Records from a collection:
_ _ _ _

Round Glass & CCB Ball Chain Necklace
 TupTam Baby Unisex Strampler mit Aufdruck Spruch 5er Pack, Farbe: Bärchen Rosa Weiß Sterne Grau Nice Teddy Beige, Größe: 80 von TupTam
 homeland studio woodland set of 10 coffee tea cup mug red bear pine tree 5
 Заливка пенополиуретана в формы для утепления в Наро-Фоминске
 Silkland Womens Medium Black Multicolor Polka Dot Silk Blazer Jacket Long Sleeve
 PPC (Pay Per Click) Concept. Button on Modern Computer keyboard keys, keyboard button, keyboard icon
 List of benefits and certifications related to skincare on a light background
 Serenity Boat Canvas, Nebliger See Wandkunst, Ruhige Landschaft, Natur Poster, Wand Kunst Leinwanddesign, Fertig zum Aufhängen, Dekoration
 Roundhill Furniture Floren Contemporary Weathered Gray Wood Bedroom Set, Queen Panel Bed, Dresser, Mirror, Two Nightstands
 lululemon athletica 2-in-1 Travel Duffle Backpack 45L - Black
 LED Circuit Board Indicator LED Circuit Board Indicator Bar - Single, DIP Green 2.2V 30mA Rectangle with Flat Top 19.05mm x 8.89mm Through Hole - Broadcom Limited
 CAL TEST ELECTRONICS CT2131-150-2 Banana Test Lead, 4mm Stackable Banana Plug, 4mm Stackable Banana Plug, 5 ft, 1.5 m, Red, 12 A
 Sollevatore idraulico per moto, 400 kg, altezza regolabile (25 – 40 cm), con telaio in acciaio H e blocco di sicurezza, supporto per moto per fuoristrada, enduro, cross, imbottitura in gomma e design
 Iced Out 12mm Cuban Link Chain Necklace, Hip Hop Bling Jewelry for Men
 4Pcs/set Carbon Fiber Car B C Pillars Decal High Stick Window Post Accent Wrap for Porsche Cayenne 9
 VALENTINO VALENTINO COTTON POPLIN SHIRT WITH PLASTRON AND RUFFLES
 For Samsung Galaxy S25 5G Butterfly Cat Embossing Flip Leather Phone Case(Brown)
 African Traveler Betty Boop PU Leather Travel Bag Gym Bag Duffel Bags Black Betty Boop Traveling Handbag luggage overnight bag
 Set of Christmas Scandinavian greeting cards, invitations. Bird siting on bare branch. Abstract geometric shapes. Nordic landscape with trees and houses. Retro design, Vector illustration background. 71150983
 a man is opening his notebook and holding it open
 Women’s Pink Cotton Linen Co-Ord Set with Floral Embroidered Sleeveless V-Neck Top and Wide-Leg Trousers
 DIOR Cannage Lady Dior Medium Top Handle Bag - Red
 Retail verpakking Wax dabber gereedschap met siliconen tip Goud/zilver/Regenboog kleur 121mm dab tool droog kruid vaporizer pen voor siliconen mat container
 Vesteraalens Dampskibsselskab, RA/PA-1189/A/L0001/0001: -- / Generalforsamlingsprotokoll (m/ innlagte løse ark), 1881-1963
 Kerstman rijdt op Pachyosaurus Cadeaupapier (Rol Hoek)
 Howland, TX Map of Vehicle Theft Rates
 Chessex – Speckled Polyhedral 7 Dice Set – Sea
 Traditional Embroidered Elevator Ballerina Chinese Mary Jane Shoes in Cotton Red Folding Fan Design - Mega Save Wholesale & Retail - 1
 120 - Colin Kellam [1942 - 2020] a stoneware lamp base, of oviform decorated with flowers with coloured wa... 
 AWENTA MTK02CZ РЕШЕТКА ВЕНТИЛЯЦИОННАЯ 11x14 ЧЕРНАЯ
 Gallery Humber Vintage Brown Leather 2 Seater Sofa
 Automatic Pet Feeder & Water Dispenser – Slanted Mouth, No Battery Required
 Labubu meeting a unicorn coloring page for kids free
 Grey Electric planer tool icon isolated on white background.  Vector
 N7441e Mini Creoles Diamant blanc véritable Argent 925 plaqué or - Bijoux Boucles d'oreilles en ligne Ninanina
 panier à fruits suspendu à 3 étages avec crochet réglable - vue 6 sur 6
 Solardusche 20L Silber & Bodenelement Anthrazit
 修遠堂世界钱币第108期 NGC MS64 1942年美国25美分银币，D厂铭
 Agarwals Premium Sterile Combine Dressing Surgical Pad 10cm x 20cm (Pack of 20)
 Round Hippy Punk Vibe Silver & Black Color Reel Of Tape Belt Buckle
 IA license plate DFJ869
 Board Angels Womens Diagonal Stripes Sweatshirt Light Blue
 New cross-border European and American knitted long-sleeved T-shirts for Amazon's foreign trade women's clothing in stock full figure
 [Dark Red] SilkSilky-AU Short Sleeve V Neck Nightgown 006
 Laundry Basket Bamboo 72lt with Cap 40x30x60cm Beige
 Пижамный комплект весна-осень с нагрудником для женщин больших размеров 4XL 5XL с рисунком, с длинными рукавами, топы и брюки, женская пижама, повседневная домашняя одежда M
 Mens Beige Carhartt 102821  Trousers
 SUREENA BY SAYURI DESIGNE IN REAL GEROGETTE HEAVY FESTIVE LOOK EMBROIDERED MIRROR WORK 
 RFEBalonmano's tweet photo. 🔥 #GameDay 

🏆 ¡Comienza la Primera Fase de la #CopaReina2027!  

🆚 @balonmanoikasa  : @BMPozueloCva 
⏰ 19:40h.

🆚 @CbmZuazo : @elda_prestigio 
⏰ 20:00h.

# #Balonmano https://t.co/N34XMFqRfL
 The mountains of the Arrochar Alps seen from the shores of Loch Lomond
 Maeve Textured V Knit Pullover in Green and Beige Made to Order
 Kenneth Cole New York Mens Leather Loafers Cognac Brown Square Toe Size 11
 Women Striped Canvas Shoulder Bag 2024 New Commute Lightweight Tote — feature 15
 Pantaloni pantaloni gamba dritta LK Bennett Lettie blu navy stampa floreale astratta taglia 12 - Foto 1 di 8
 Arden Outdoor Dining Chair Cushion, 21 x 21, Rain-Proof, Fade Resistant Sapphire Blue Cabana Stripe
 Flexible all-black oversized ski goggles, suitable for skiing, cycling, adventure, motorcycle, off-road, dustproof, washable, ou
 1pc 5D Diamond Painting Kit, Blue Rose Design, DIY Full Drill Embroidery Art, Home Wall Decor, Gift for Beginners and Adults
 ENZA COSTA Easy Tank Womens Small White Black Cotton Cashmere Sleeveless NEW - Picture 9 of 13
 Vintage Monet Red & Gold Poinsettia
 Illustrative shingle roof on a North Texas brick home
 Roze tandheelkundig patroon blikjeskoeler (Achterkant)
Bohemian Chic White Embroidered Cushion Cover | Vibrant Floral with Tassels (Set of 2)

_ _ _ _

### YOUR ASSIGNMENT
Look through the data above. Copy every line with the string "Medium" in it.

### WRITTEN REPLY
 Silkland Womens Medium Black Multicolor Polka Dot Silk Blazer Jacket Long Sleeve
 DIOR Cannage Lady Dior Medium Top Handle Bag - Red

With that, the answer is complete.